Он лежал, закутавшись в одеяло, и дрожал.

Я боялся входить один в гостиную потому, что при виде меня дядя Яша с трудом приподнимался и с ловкостью сумасшедшего пытался схватить меня своими исхудавшими руками, норовил пощекотать меня и ласково смотрел на меня, своего маленького племянника, добрыми, но ужасными глазами. Он пытался выговорить мне что-то доброе, родственное, но язык ему уже не повиновался и он только невразумительно мычал.

Через несколько дней рано утром он вдруг захрипел, перестал шевелиться и умер на руках у папы, который был уже в сюртуке и собирался ехать на уроки. Напа закрыл веки его открытых неподвижных глаз мягким движением большого пальца и положил на закрытые веки по медному пятаку. Два черных пятака на закрытых веках стали для меня с тех пор символом смерти.


…– В гостиной стало еще теснее, так как туда принесли гроб, поставили его на стол и переложили в него дядю Яшу, обряженного уже в сюртучок. Гроб стоял по диагонали к стенкам гостиной, оклеенным светленькими обоями с потертыми серебряными лилиями.


…– Дальше я мало что помню. В памяти сохранились только траурные ризы священников и много родственников Синайских, пришедших на панихиду и на вынос тела.


…– Смерть дяди Яши была предзнаменованием другой смерти в нашей квартире. Вскоре от воспаления и отека легких умерла моя мама. А за несколько месяцев до ее смерти родился мой родной и твой двоюродный братик Жоржик, тот самый Георгий Николаевич Синайский, который во время Великой Отечественной войны погиб в Севастополе…


– Постой, – сказал Михаил Никанорович, – погоди… Мы идем слишком быстро. Мне трудно. Давай передохнем, постоим минуточку! У меня, кажется, опять не в порядке сердечные делишки.


Они остановились возле все той же госпитальной стены, уходящей теперь далеко в сторону недавно восстановленного здания штаба, разбомбленного немцами.

За белым корпусом штаба угадывались уже совсем на себя не похожее Куликово поле и вокзал без паровозных дымов, а еще дальше – предзакатное небо и голубые купола бывшего Афонского подворья.

Михаил Никанорович прислонился к госпитальной стене с выцарапанным сердцем со стрелой и чьими-то инициалами, достал из кармана халата пробирочку, высыпал на ладонь несколько белых крупинок и привычным движением положил их в рот под язык. Вскоре его опасно помертвевшее лицо с посиневшими веками оживилось, даже порозовело.

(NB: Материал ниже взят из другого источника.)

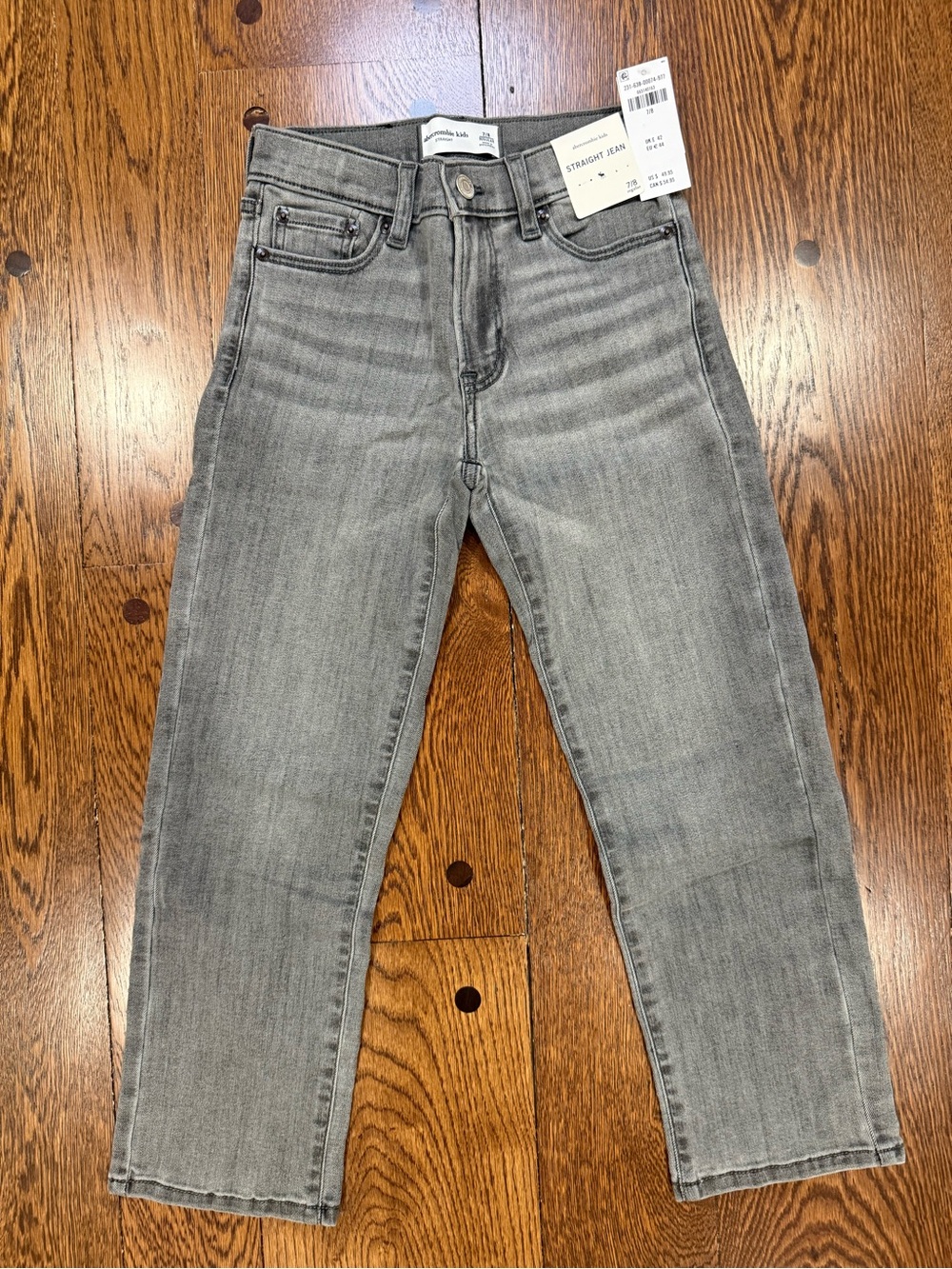 NWT Abercrombie Kids Boys 7/8 Gray Straight Jeans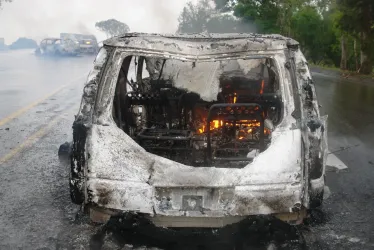 Imagen de archivo de un carro incendiado.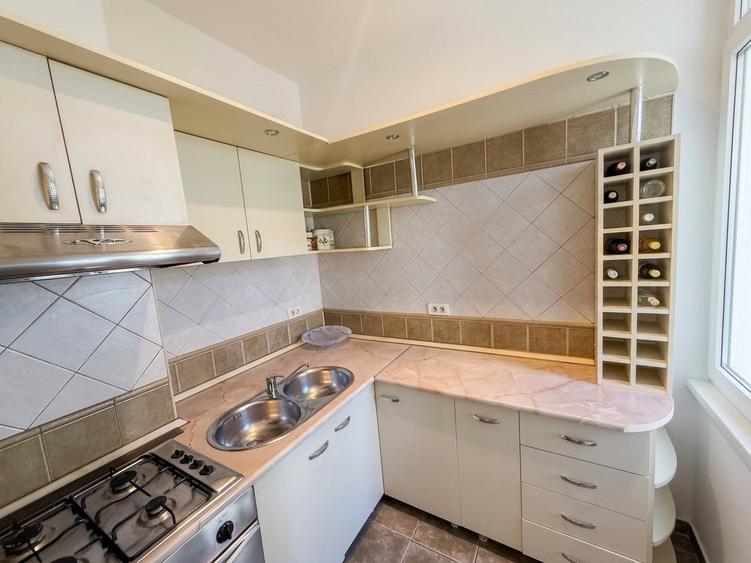 Apartament cu 3 camere semidecomandat, mobilat în Armeneasca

– Ну, теперь я в порядке, – сказал он, стараясь казаться бодрым, – можем гулять дальше. Но ты меня, Саша, расстроил, вспомнив о Жоре. Ведь я был когда-то на его крестинах. Его крестили не в церкви, а дома, в вашей маленькой квартире, в той самой гостиной, где до этого стоял гроб с дядей Яшей, а вскоре и гроб твоей мамы, а моей тети.

– Да, – сказал Александр Николаевич, – я тоже помню, как из церкви везли на извозчике немного помятую серебряную купель, куда налили подогретой на кухне воды, и священник взял из рук крестной матери голенького Жорочку с зажмуренными глазками, ловко прикрыл его сморщенное личико крупной опытной ладонью и трижды окунул с головой в купель. Я ужасно боялся, что мой маленький братик захлебнется, но все обошлось благополучно…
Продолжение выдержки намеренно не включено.